A sovereign bond is a debt security issued by a national government. Sovereign bonds can be denominated in a foreign currency or the government’s domestic currency; the ability to issue bonds denominated in domestic currency tends to be a luxury that most governments do not enjoy — the less stable of a currency denomination, the higher the risk the bondholder's faces.
Breaking Down Sovereign Bond
The government of a country with an unstable economy tends to denominate its bonds in the currency of a country with a stable economy. Because of default risk, sovereign bonds tend to be offered at a discount.
The default risk of a sovereign bond is assessed by international debt markets and represented by the yield the bond offers. Bondholders demand higher yields from riskier bonds.
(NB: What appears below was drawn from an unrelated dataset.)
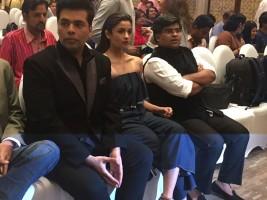 Karan Johar,Alia Bhatt,Editor Jitesh Pillai,Jio Filmfare Awards press conference,Jio Filmfare Awards,Jio Filmfare Short Film Awards 2017,Jio Filmfare Awards pics,Jio Filmfare Awards images,Jio Filmfare Awards photos,Jio Filmfare Awards stills,Jio Filmfare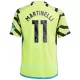 Günstige Arsenal Martinelli 11 Kindertrikot Auswärts 2023/24 Kurzarm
To illustrate, as of May 24, 2016, 10-year government bonds issued by the Canadian government offer a yield of 1.34%, while 10-year government bonds issued by the Brazilian government offer a yield of 12.84%. This spread of 1150 basis points accounts for the financial position of both governments and is indicative of the favorable credibility enjoyed by the Canadian government.
Sovereign Bonds Denominated in Foreign Currencies
As of 2014, the most recent year such data is available, debt denominated in the five most significant global currencies, the U.S. dollar, the British pound, the euro, the Swiss franc, and the Japanese yen, accounted for 97% of all debt issuance, but these countries issued only 83% of this debt. The reality is less-developed countries have difficulty issuing sovereign bonds denominated in their currency, and thus have to assume debt denominated in a foreign currency.
This is due to several reasons. First, investors consider poorer countries to be ruled by less-transparent governments that are more susceptible to corruption, increasing the likelihood of loans and government investments being funneled into unproductive areas. Second, poorer countries tend to suffer from instability, leading to higher rates of inflation, which eats into the real rates of return received by investors.
Therefore, less-developed countries are forced to borrow in foreign currencies, further threatening their economic situation by exposing them to currency fluctuations that can make their borrowing costs more expensive. For example, say the Indonesian government issues bonds denominated in yen to raise capital. If the interest rate it agrees to borrow is 5%, but throughout the bonds’ maturity, the Indonesian rupiah depreciates by 10% in relation to the yen. Then, the real interest rate the Indonesian government has to pay in the form of principal and interest payments is 15%, assuming its business operations are conducted in rupiah.